The Venetian Blind pattern is characterised by having a single global element that serves as the entry point for the XML document, from which all the elements can be reached. This pattern implies a certain directionality and starting point, analogous to choosing a primary class in an ontology that has direct relationships to other classes, and from which one can navigate to the rest of the classes.

Adopting Venetian Blind pattern reduces the variability in its application and deems the schema usable in specific scenarios by providing not only well-defined elements, but also a rigid and predictable structure.

On the other hand, the Garden of Eden pattern allows for multiple global elements, providing various entry points into the XML document. This pattern accommodates ontologies where no single class is inherently central, mirroring the flexibility of graph representations in ontologies that do not have a strict hierarchical starting point.

Adopting the Garden of Eden pattern provides a less constrained approach, enabling users to represent information starting from different elements that may hold significance in different contexts. This approach has been adopted by standardisation initiatives such as NIEM and UBL, which recommend such flexibility for broader applicability and ease of information representation.

However, the Garden of Eden pattern does not lead to a schema that can be used in final application scenarios, because it does not ensure a single stable document structure but leaves the possibility for variations. This schema pattern requires an additional composition specification. For example, if it is used in a SOAP API, the developers can decide on using multiple starting points to facilitate exchange of granular messages specific per API endpoint.
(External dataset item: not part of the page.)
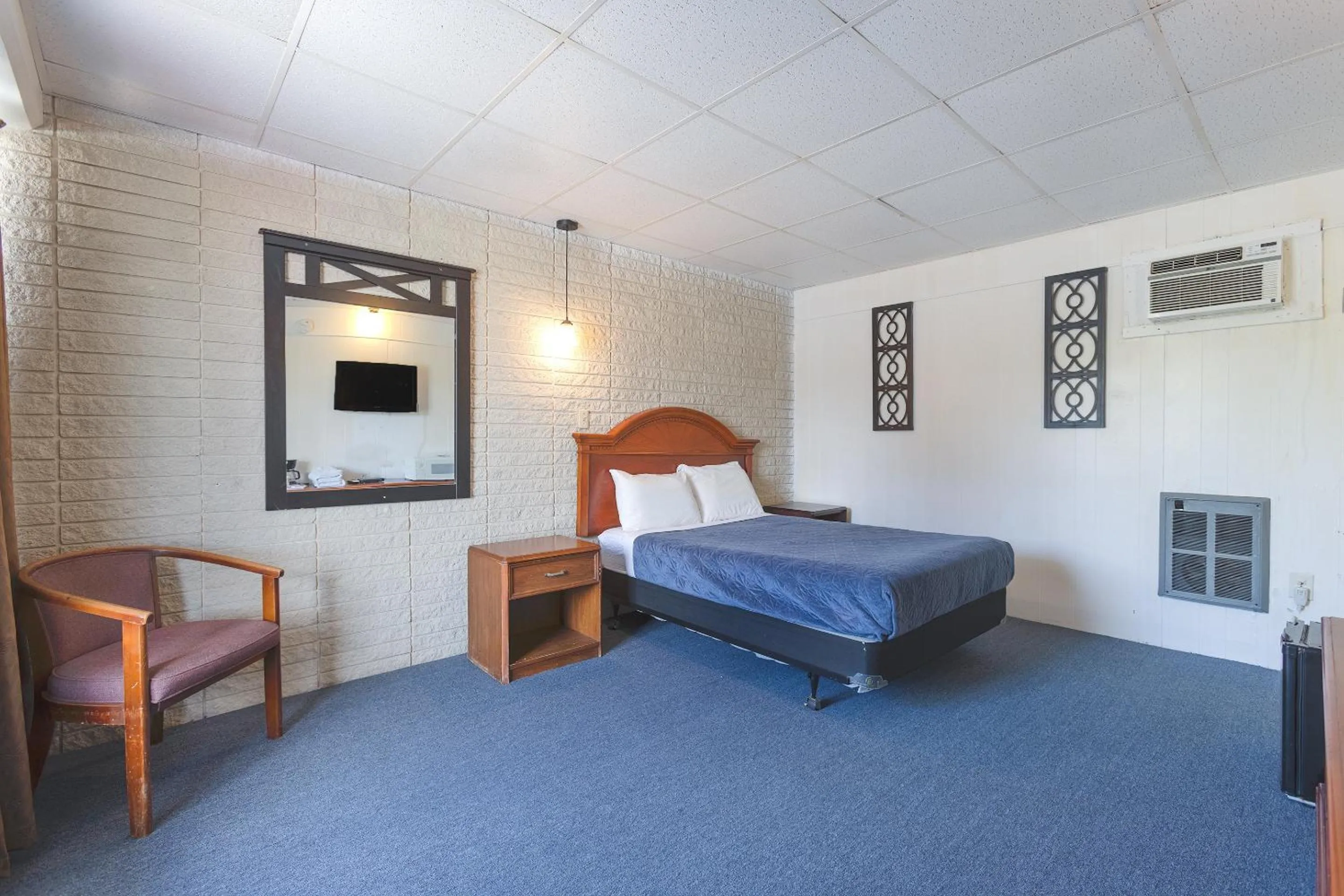 Bedroom, Bed in Sonrise Inn Lincoln Hwy By OYO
This way the XSD schema remains reusable for different API endpoints and even API implementations.

Overall, the choice between these patterns should be informed by the intended use of the schema, the level of abstraction of the ontology it represents, and the needs of the end-users, aiming to strike a balance between structure and flexibility.

Recommendation: We consider the Garden of Eden pattern suitable for designing XSD schemas at the level of core or domain semantic data specifications, and the Venetian Blind pattern suitable for XSD schemas at the level of specific Application Profiles.+

Recommendation for choosing the appropriate pattern:

The Venetian Blind Pattern suits Application Profiles where a central entity is the main entry point, offering a structured schema for defined use cases.
The Garden of Eden Pattern is better for Core or Domain Data Specifications, where multiple entry points provide flexibility for general-purpose data models.

Complex types should be defined, if deemed necessary, only after importing or defining the basic elements and application of patterns. Complex types are deemed complex when they have multiple properties, be they attributes or relationships. Finally, complete the XSD schema by adding annotations and documentation using the `xs:annotation’ and `xs:documentation’ tags. This improves understanding of the schema’s content both for external users and oneself at a later date, as well as communicating the purpose so that the schema will be deployed as intended.

Phase 3: Validation

The schema should be validated with at least one sample XML document, both to verify that it is syntactically correct and semantically as intended and has adequate coverage. SEMIC XSD schemas need to adhere to best practices and validation rules to maintain consistency, clarity, and reusability across schemas. These rules include naming conventions, documentation standards, and structural rules.